> [What the task requires]: Each line below should be repeated exactly, but no picture should be carried over.

> [Dataset extract]:
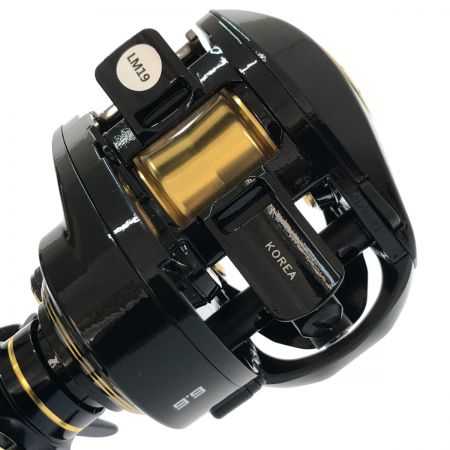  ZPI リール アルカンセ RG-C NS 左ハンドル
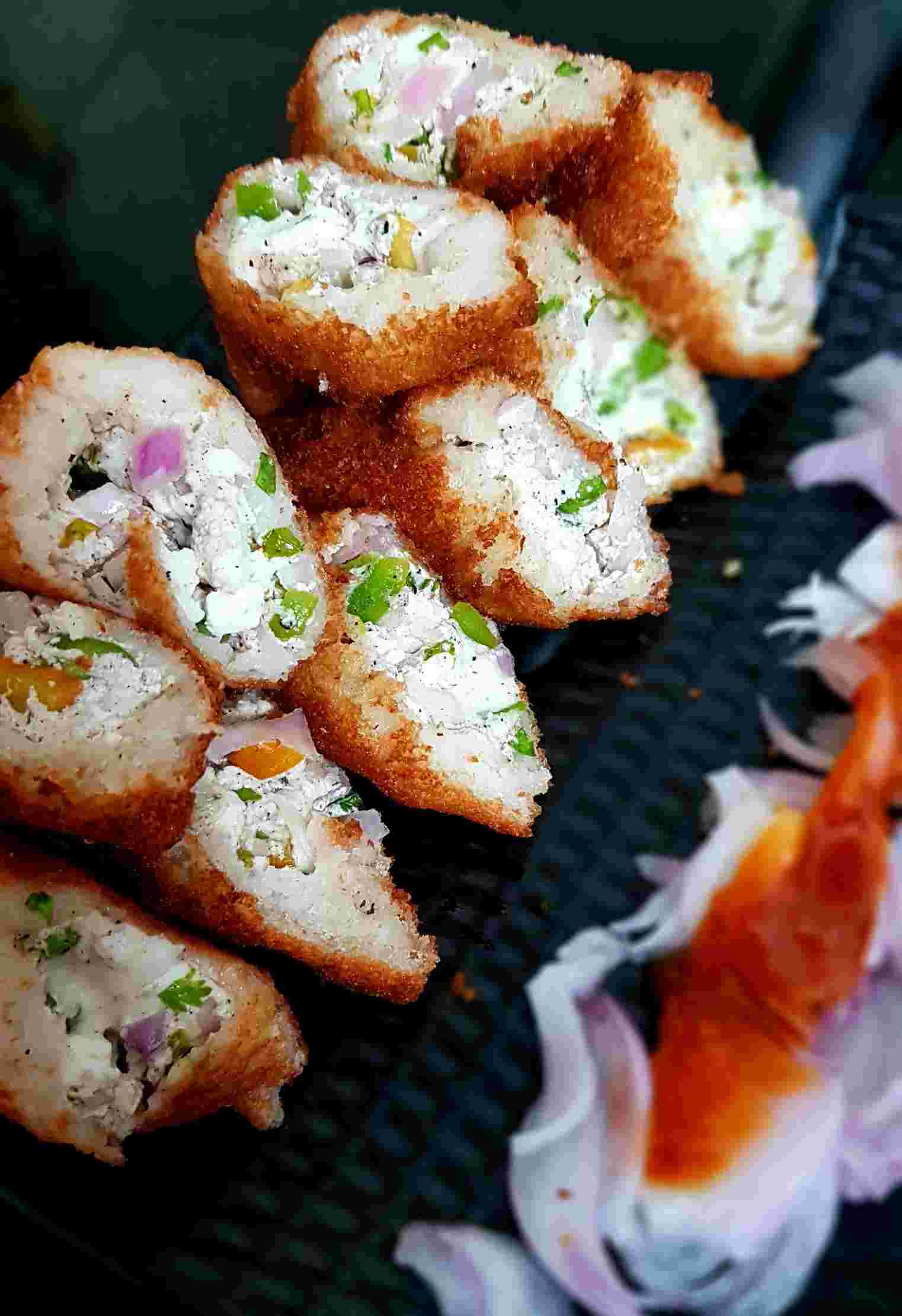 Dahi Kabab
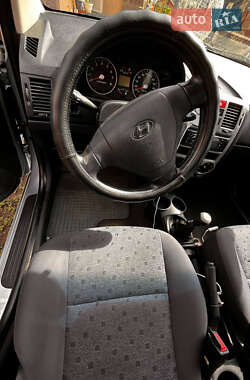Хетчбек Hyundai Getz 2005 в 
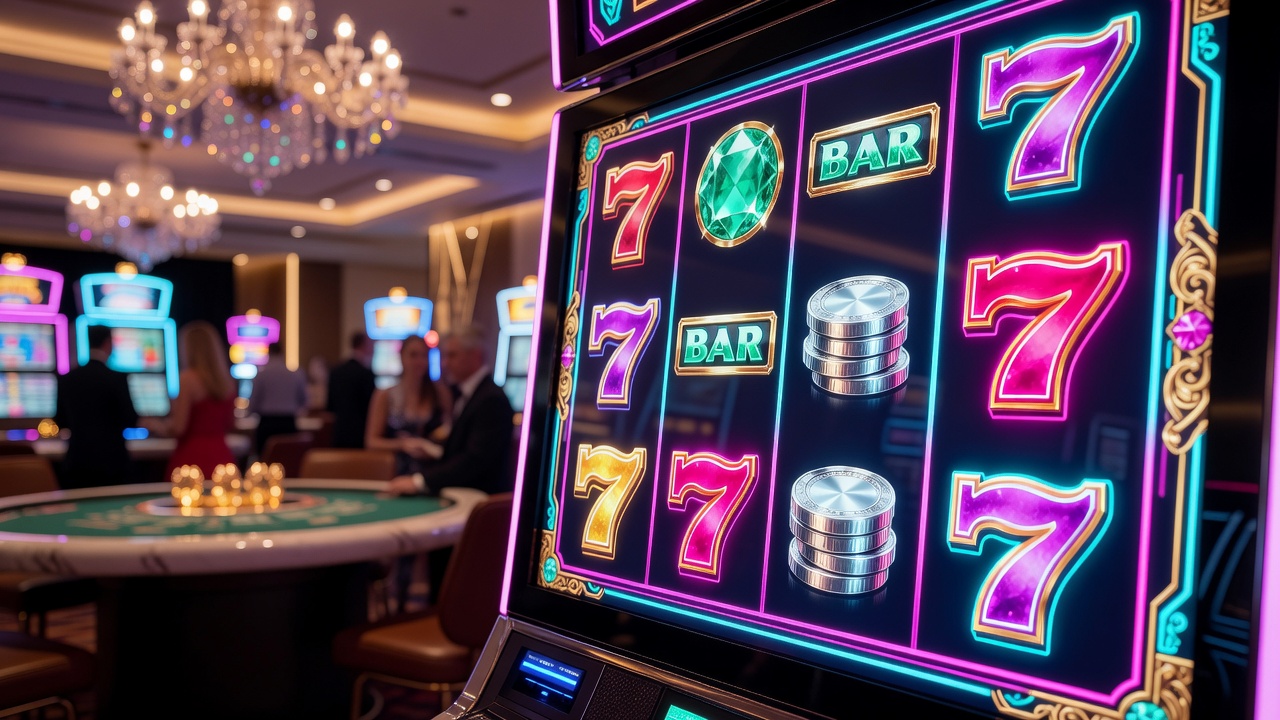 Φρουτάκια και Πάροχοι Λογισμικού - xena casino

> [Answer]:
  ZPI リール アルカンセ RG-C NS 左ハンドル
 Dahi Kabab
Хетчбек Hyundai Getz 2005 в 
 Φρουτάκια και Πάροχοι Λογισμικού - xena casino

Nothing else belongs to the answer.